▸ Problem to work on:
Nothing but the text should be carried over: reproduce all the data exactly and leave out every image.
+ + + + +
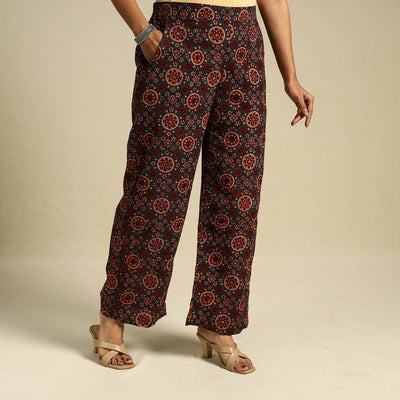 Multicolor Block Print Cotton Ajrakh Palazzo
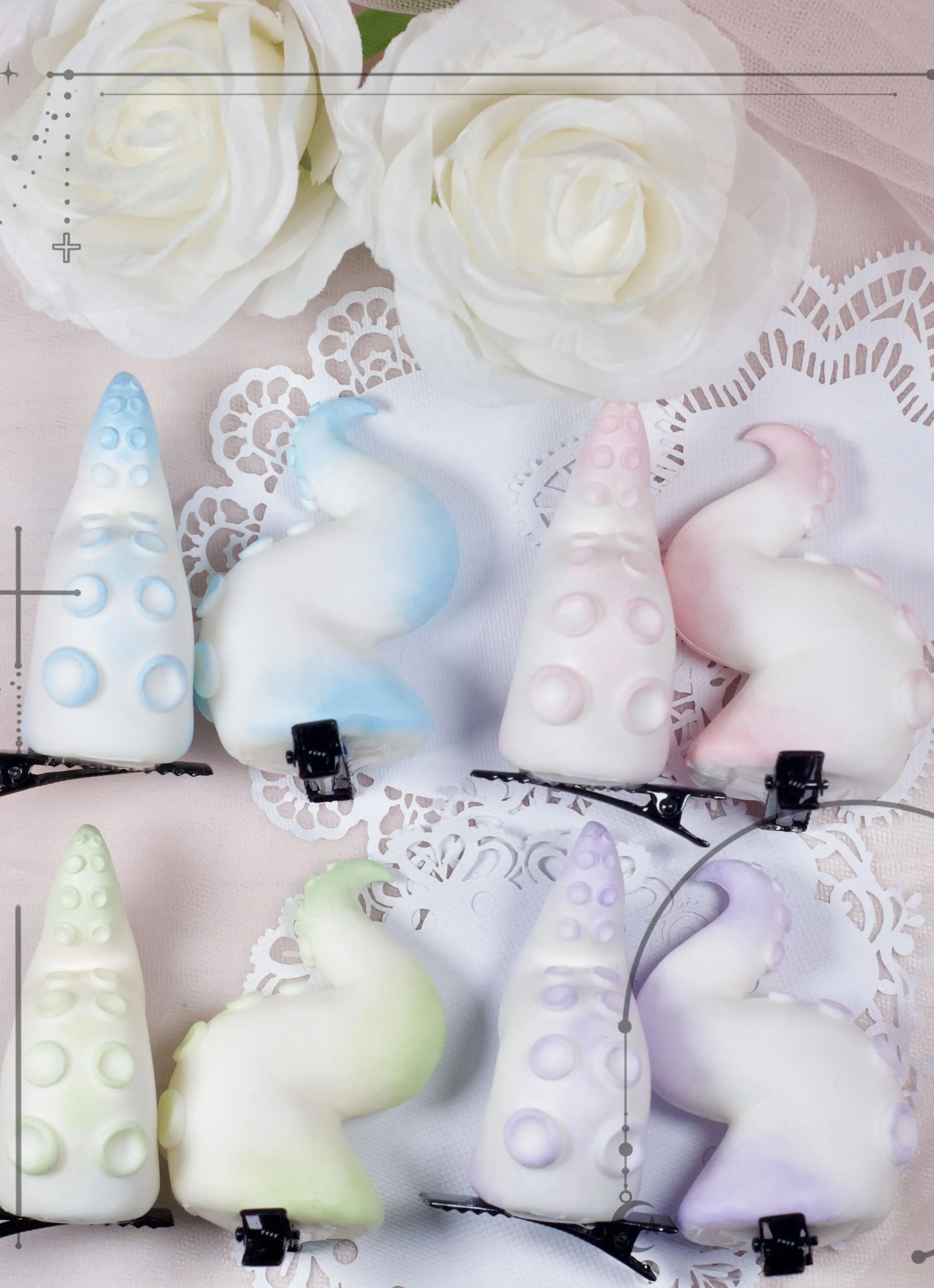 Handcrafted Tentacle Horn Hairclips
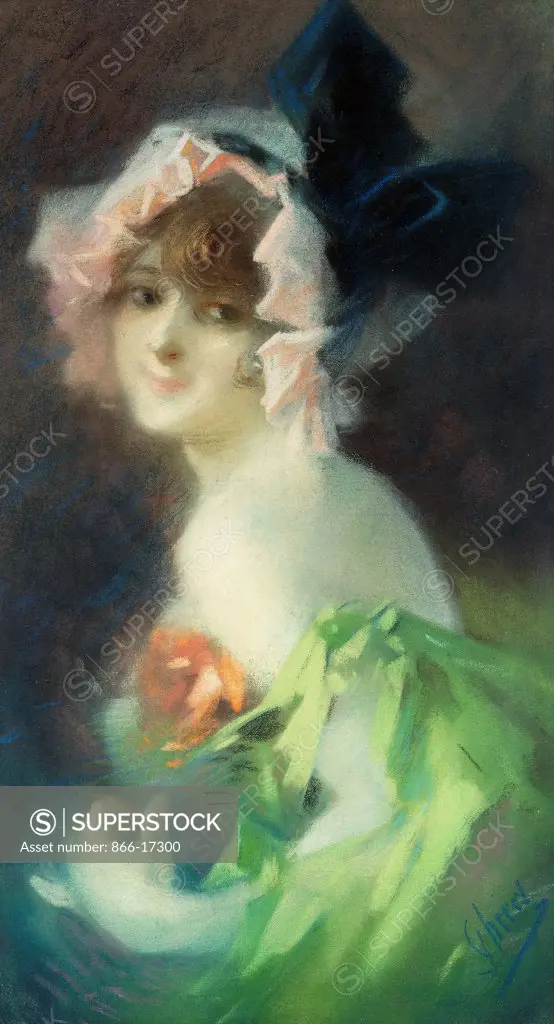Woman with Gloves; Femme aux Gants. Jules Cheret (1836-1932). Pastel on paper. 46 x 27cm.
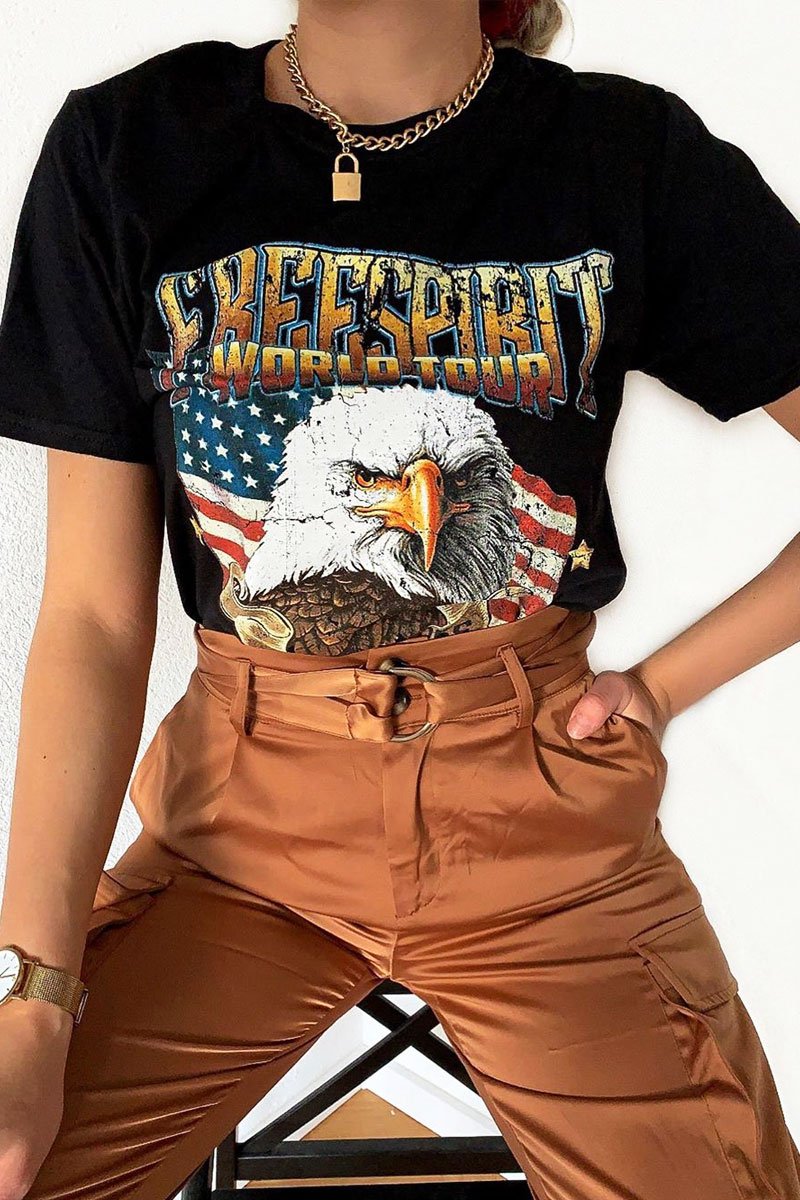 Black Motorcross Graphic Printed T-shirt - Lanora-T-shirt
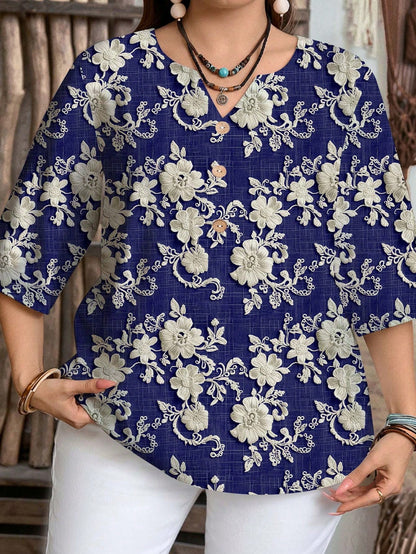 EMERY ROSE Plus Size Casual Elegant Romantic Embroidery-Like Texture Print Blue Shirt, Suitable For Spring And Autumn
+ + + + +
▸ Your solution:
 Multicolor Block Print Cotton Ajrakh Palazzo
 Handcrafted Tentacle Horn Hairclips
Woman with Gloves; Femme aux Gants. Jules Cheret (1836-1932). Pastel on paper. 46 x 27cm.
 Black Motorcross Graphic Printed T-shirt - Lanora-T-shirt
 EMERY ROSE Plus Size Casual Elegant Romantic Embroidery-Like Texture Print Blue Shirt, Suitable For Spring And Autumn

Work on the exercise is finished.